1. Thank you Captain Obvious!

2. Except for the fact that driving this way greatly increases your odds for an accident as the rider suddenly yells "Turn here!" because they've been paying attention to his/her phone the whole time.

3. Just keep driving it's bound to happen.

4. Agree with you, but again an obvious comment.

5. Passengers can text, which works just as well and a lot safer. If riders knew how to drop a pin correctly there would be absolutely no need to call or text.


----------



## SECOTIME (Sep 18, 2015)

If I see someone holding food I tell them "No eating in my car please"

If someone pulls out hidden mystery food "No eating in my car please"

If they throw a fit. Brake lights. Get out.


----------



## Edddelos (Sep 29, 2015)

UberLo said:


> 1. Thank you Captain Obvious!
> 
> 2. Except for the fact that driving this way greatly increases your odds for an accident as the rider suddenly yells "Turn here!" because they've been paying attention to his/her phone the whole time.
> 
> 5. Passengers can text, which works just as well and a lot safer. If riders knew how to drop a pin correctly there would be absolutely no need to call or text.


No need to fear Captain Obvious is here!!!
#2 if they say they will "direct me" and I see them pull out their phone, I offer to use my gps. Most of the time they put their phone away, but 99% of my passengers just tell me use gps.

#5 Captain Obvious agrees...


----------



## denverxdriver (Sep 26, 2015)

Screw it.. Let them use their data plan to navigate..


----------



## Edddelos (Sep 29, 2015)

Edddelos said:


> No need to fear Captain Obvious is here!!!
> #2 if they say they will "direct me" and I see them pull out their phone, I offer to use my gps. Most of the time they put their phone away, but 99% of my passengers just tell me use gps.
> 
> #5 Captain Obvious agrees...


But use this to your own advantage to guage the type of customer you're about to pick up. If they answer the phone with an attitude or are rude, count on getting a bad score or you can just cancel. Thats why phone calls before pickup is a good thing.


----------



## KMANDERSON (Jul 19, 2015)

That why I don't call rider no more if they don't know how to drop the pin I wait were they drop it for five minutes and cancel and get the cancelation fee


----------



## Oh My (Dec 26, 2014)

denverxdriver said:


> I'm now 4 starring anyone who slams my door..it's just disrespectful.
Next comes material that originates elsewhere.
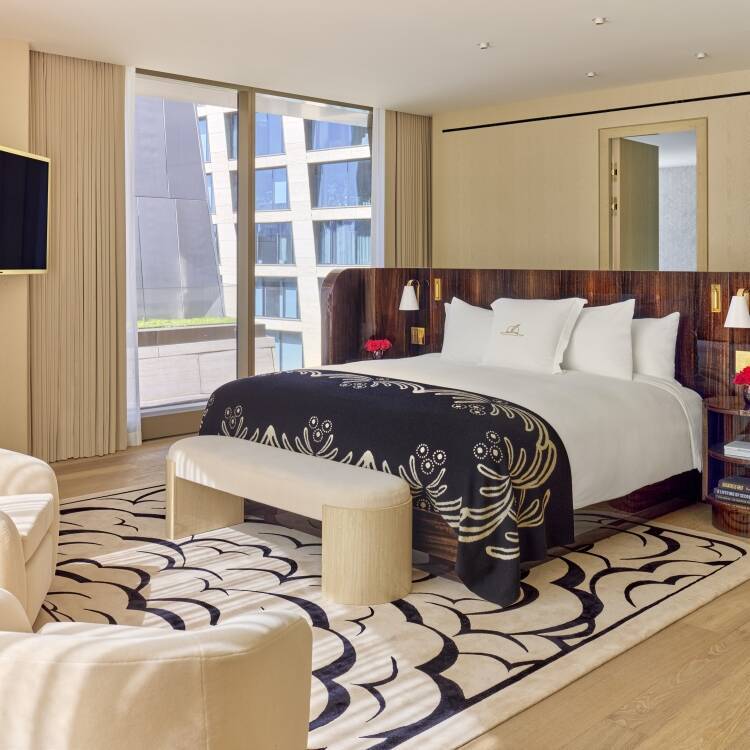 CRYSTAL TWO BEDROOM SUITE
Those were automatic 1 stars for me.


----------



## trotador (Oct 10, 2015)

. Thats why phone calls before pickup is a good thing.[/QUOTE]
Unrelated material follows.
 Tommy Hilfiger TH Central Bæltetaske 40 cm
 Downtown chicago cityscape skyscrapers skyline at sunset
I agree with this 100%. Especially when you picking up at the airport....


----------



## BlackWidow911 (May 29, 2015)

Taipan said:


> 6) Riders who requested aux cable, radio station changing, cell phone charger cable, gum or water. Then at the end, left with no tips!
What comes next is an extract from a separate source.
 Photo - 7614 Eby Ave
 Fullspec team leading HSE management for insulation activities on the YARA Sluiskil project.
I tell no to aux and when they reach for my button I tell them don't touch MY radio!!! How would you like me coming to your job and start touching ish on your desk without asking? If they are going 3miles are less NO A/C either...huummmm maybe that's why my score gone down


----------



## BlackWidow911 (May 29, 2015)

Edddelos said:


> OK....#1 Riders don't care if they dropped the pin at wrong location, the way they see it you are supposed to know where to pick them up at.
> 
> #2 I actually don't mind turn by turn directions, if the trip becomes a longer distance better for me, oh and just tell uber when passenger gets out car that pax gave turn by turn directions easily solved...
> 
> ...


Yeah but they have control over how they smell! I had a guy fart right before he came in my car!! Nasty asses


----------



## Uber Monkey (Oct 10, 2015)

Turn by turn directions is not a big deal except when they tell you to turn at the last second, want you to make illegal turns, or stop paying attention and/or give you wrong directions and get mad that the trip is longer than it could have been.


----------



## Uber Monkey (Oct 10, 2015)

Absolute worst rider! During the minimum fare ride, spent his time bragging to his friends that the best part of Uber was that you got to screw the driver because you didn't tip and there wasn't anything the driver could say about it. I almost pulled over an told him to get out even though we were in on a dark road with no side walks. It was only 1/2 mile to the resort hotel in Arizona desert with no street lights or sidewalks at 1 am.


----------



## Micmac (Jul 31, 2015)

UberLo said:


> 1) Riders who don't know how to drop a freaking pin on where they're actually at
> 
> Ok, so we're in the year 2015, and most of population (safe to assume) owns some sort of smart phone whether it be an iphone or android. You can't use the app without having one, which means you've learned to some extent how to functional navigate through it and also use apps. With Uber being one of the most popular apps out there tell me WHY IN THE HELL DO WE STILL HAVE PEOPLE OUT THERE NOT KNOWING HOW TO DROP A FREAKING PIN?!
> 
> ...


Riders digging their noses !! That s nasty. Brake lights. Get out and don't touch anything on my car.


----------



## Taipan (Sep 21, 2015)

Newly discovered annoying Uber Riders: USC Frat Boys (obnxious, entitled, and down right asshole behaviors) from the 28th Street (Fraternity Road).


----------



## LarryA (Jun 18, 2015)

Riders who have the guts to fart in my car.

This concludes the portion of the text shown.